So basically she is pretending to be blackout drunk in bars.
This is also sort of not unrelated but it's not a direct revenge,
it's more like a general thing that she does as an outlet, I guess.
Yeah, correct, exactly.
Anyway, sorry.
And so I won't explain exactly what happened to her friend
but it's clear from the outset something happened to her
and she committed suicide.
And so Kerry Mulligan's character then proceeds to pretend
that she's really drunk.
Guys kind of sort of come over to take her, well,
in a way to like pick her up or see if she's okay.
She repeatedly says, I'm feeling really drunk, I'm not feeling very well.
They eventually take her back to their house and they're about
to kind of take advantage of her and then she wakes up
and is just stone cold sober.
And then they kind of have this reckoning moment each time
where she really gives them a serve of her mind
and makes them really think about whether they actually
are the good guy.
And that's what I love about this.
So often there are moments where it's quite blurry whether,
like initially you think that the blokes might actually be all right.
And you can see how men kind of can get themselves in those particular situations.
And a lot of that is also to do with casting because one of the people, one of the first one that she brings back is Adam Brody from the OC.
And he's like a cool, fun guy and he's a nice guy and he's quirky and whatever. And even at the start he's like talking to his friends about a work colleague
who's complaining about how they're always having boys only golfing trips
and business deals are being made there and he's like, no, no,
but guys we really should include her.
And he's being like, you know, very woke.
And I think that's the point in this that the casting is so clever,
it's surprising at every turn who they choose and I think
for a very good reason.
Everybody who you cast is like almost against type, I would say,
like every single person that you're like, oh, I like that.
Oh, no.
Yeah, absolutely.
It's not everybody but there's a lot of them that, yeah.
Yeah, I think it's really interesting.
Bo Burnham in this plays her love interest, which isn't a spoiler
because it happens quite early in the show.
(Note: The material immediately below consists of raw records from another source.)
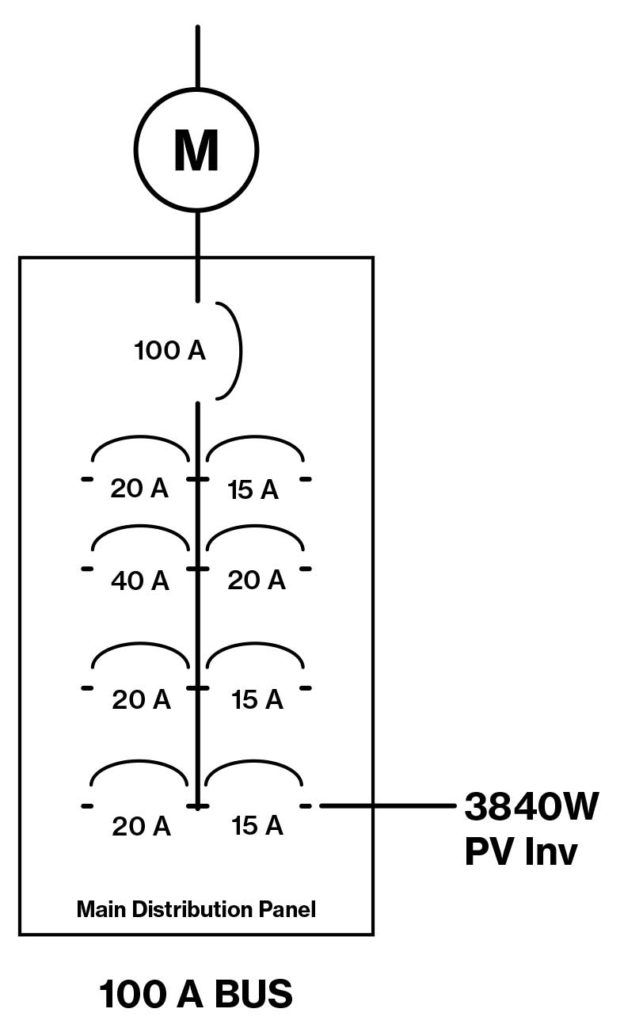 Figure 1. The Old-School 1987 “120% Rule”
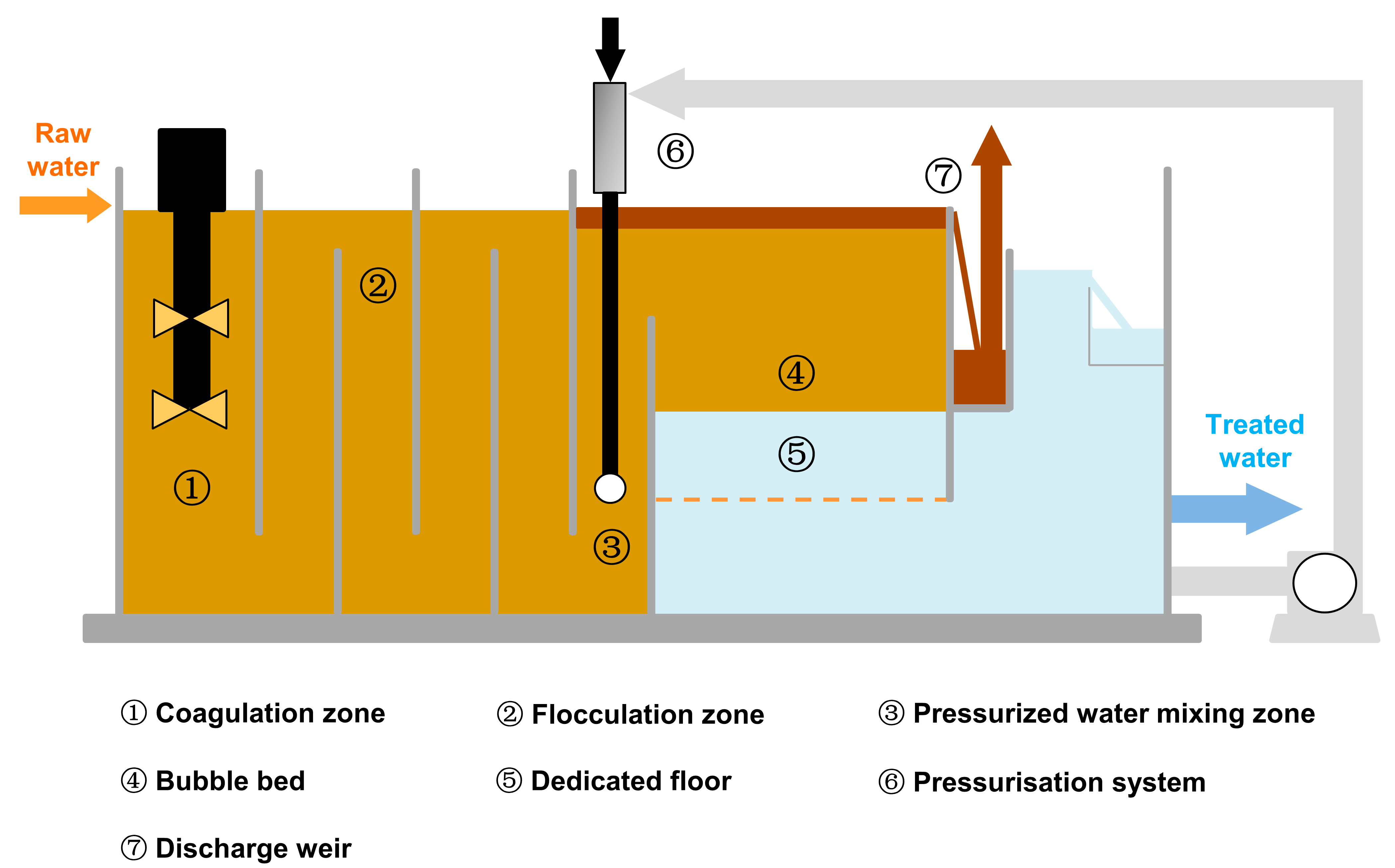 Separations 09 00362 g001 Separations 09 00362 g001
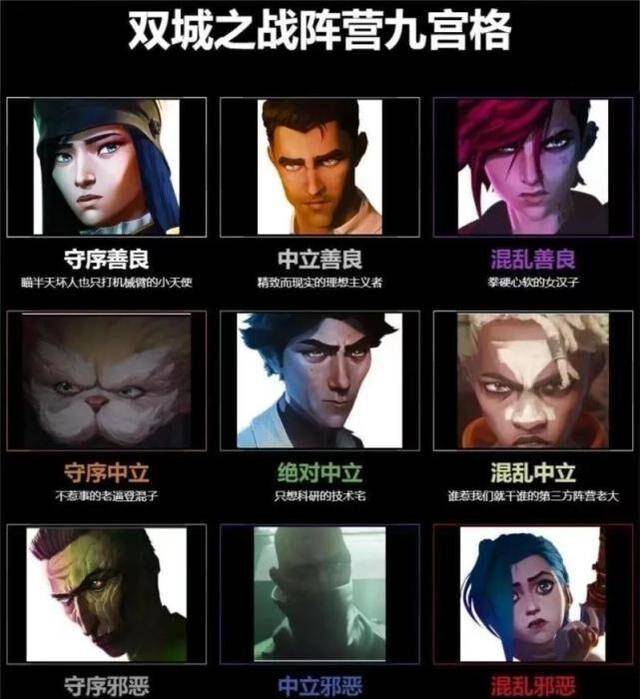双城之战中的9种人格看看你是哪个英雄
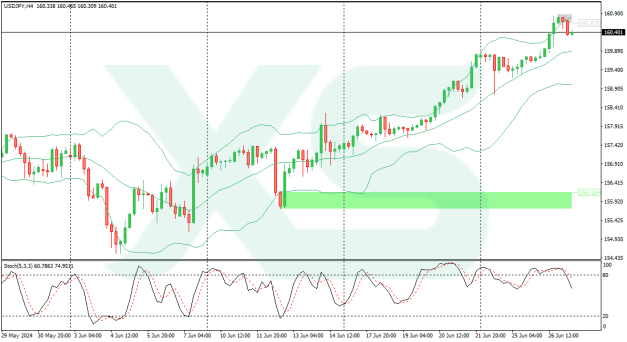 usdjpy-h4-xs-fintech-ltd-usd-jpy-27-6-2024 (1)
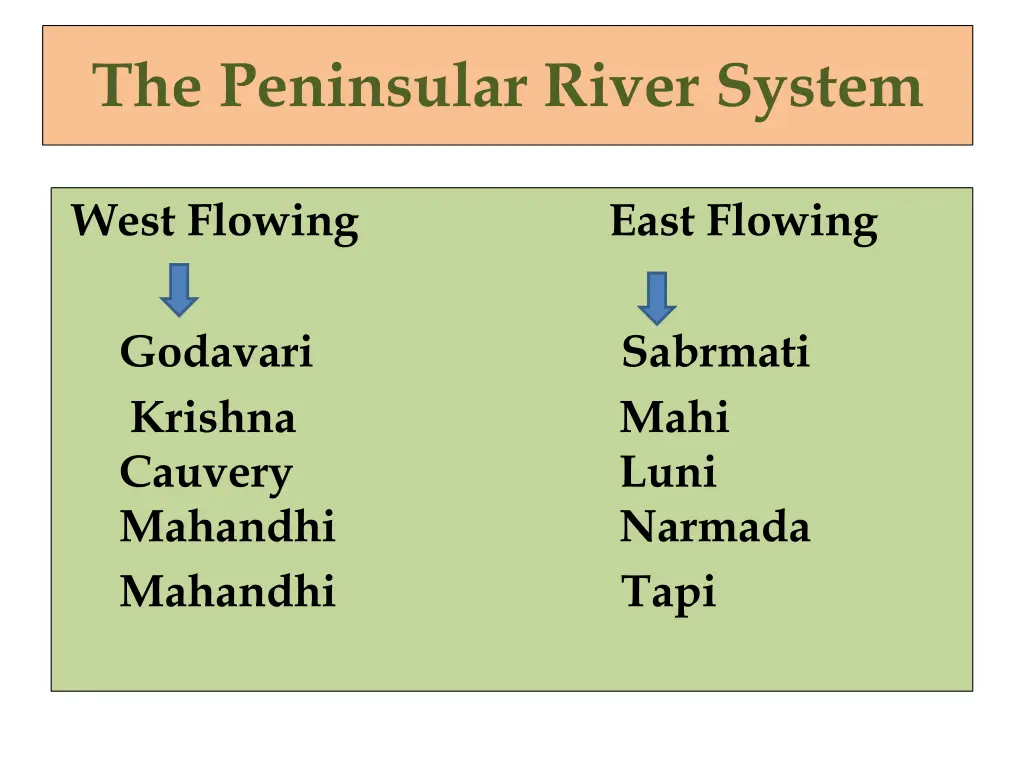 the peninsular river system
And I won't go into exactly what happens with his storyline,
but it's really interesting because he's quite nerdy and quite funny.
It's such a witty, clever script.
Yeah.
And Kerry Mulligan's character is so dry and deadpan in the way
that she delivers her lines.
And because she's so beautiful as well, it's this kind of juxtaposition too I think of being able to cleverly,
I don't know, kind of disguise her brains.
And this is the way I read the like because she dresses up like, you know,
like she's clubbing with like the eye, like smeared eyeliner
and like the short skirts and whatever.
There's like a trap essentially to like so guys think that like,
oh, this is an easy target or whatever.
This is just some drunk bird, who cares, whatever.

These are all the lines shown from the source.